Results: In total, 102 PLWH received ≥ 2 LA-CAB/RPV injections: (a) 77 injection-naïve and (b) 20 injection-experienced participants from clinical trials; and 5 off-label treated participants who were analyzed separately. Among participants treated in-label, 84% (1417/1690) of injections were administered on time. However, 82% of all participants (80/97) experienced ≥ 1 delay, with 96% (77/80) of delays limited to 8-14 days. Virological suppression (VL < 50 copies/mL) was achieved by 97% throughout the observation period (94/97). In total, 14% (14/97), all of cohort (a), discontinued injection therapy and switched back to oral ART. Injection site reactions were reported by 64%, while mild systemic side effects occurred in 41% at some point, most commonly neuropsychiatric symptoms in those with a history of depression. One confirmed virological failure (CVF) occurred after 40 months in cohort (a); two CVFs were observed in the small off-label-treated subgroup.

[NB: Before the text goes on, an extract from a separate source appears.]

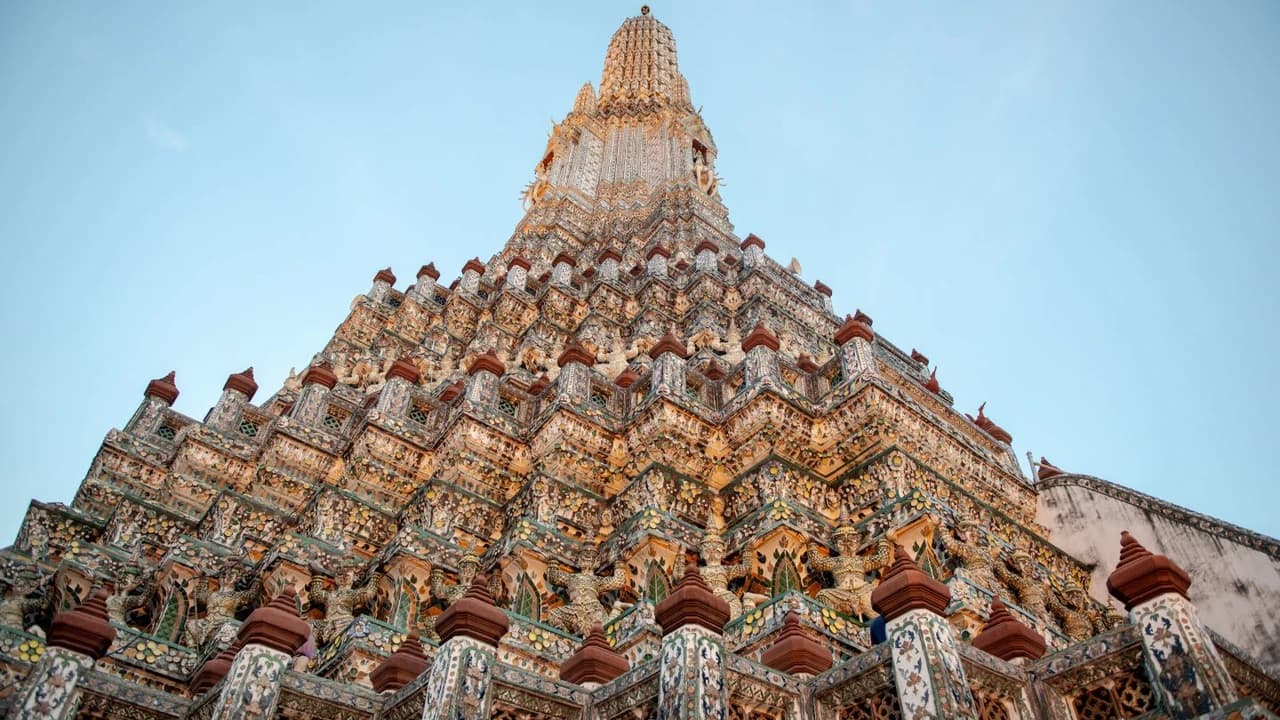 Wat Pho and Wat Arun Walking Tour - Photo 3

Conclusions: This real-world study, with a 44-month observation period and follow-up of up to 10 years on LA-CAB/RPV, confirms its long-term efficacy and safety, supporting its durability as a maintenance option for PLWH, even with occasional delays and slightly lower adherence than seen in clinical trials, and additionally underscores the importance of individualized care and structured monitoring in real-world settings.

查看原文本刊更多论文

长期实际使用卡波特韦/利匹韦林：44个月观察期的依从性和病毒学疗效

长效卡博特韦/利匹韦林（LA-CAB/RPV）为人类免疫缺陷病毒（PLWH）感染者提供了每日口服抗逆转录病毒治疗（ART）的有效替代方案，特别是那些有依从性挑战的人。尽管LA-CAB/RPV的使用越来越多，但关于耐久性、依从性和病毒学结果的长期真实数据仍然局限于2年。该研究提供了PLWH个体水平的详细纵向数据，评估了长达10年的依从性、安全性和有效性。方法：对2021年至2025年期间在汉堡-埃彭多夫大学医学中心接受LA-CAB/RPV治疗的所有PLWH进行为期44个月的分析，包括injection-naïve个体和前注册试验参与者。回顾了临床、实验室、免疫学和病毒学资料。结果：共有102名PLWH接受了≥2次LA-CAB/RPV注射：(a) 77名injection-naïve和(b)来自临床试验的有注射经验的参与者20名；另外5名非标签治疗的参与者被单独分析。在标签内治疗的参与者中，84%（1417/1690）的注射按时进行。然而，82%的参与者（80/97）经历了≥1次延迟，96%（77/80）的延迟限制在8-14天。结论：这项现实世界的研究，对LA-CAB/RPV进行了44个月的观察期和长达10年的随访，证实了其长期疗效和安全性，支持其作为PLWH维持选择的持久性，即使偶尔出现延迟和依从性略低于临床试验，也强调了在现实世界中个性化护理和结构化监测的重要性。

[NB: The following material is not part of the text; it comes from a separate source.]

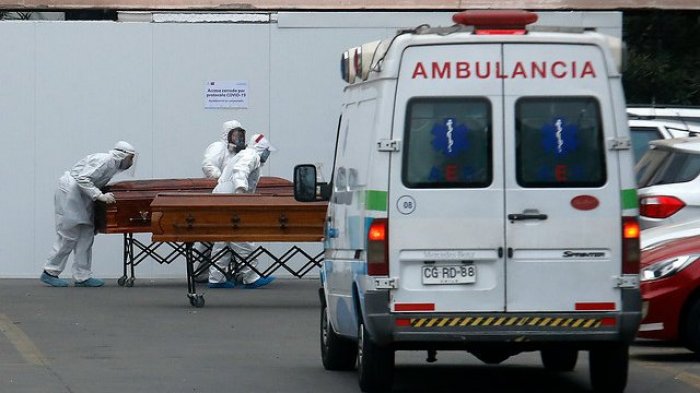 Dudas por fallecidos en regiones según página del Minsal: Diferencias en las cifras han sido cuestionadas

本文章由计算机程序翻译，如有差异，请以英文原文为准。

求助全文

约1分钟内获得全文求助全文

来源期刊

Infectious Diseases and Therapy Medicine-Microbiology (medical)

CiteScore

8.60

自引率

1.90%

发文量

136

审稿时长

6 weeks

期刊介绍： Infectious Diseases and Therapy is an international, open access, peer-reviewed, rapid publication journal dedicated to the publication of high-quality clinical (all phases), observational, real-world, and health outcomes research around the discovery, development, and use of infectious disease therapies and interventions, including vaccines and devices. Studies relating to diagnostic products and diagnosis, pharmacoeconomics, public health, epidemiology, quality of life, and patient care, management, and education are also encouraged. Areas of focus include, but are not limited to, bacterial and fungal infections, viral infections (including HIV/AIDS and hepatitis), parasitological diseases, tuberculosis and other mycobacterial diseases, vaccinations and other interventions, and drug-resistance, chronic infections, epidemiology and tropical, emergent, pediatric, dermal and sexually-transmitted diseases.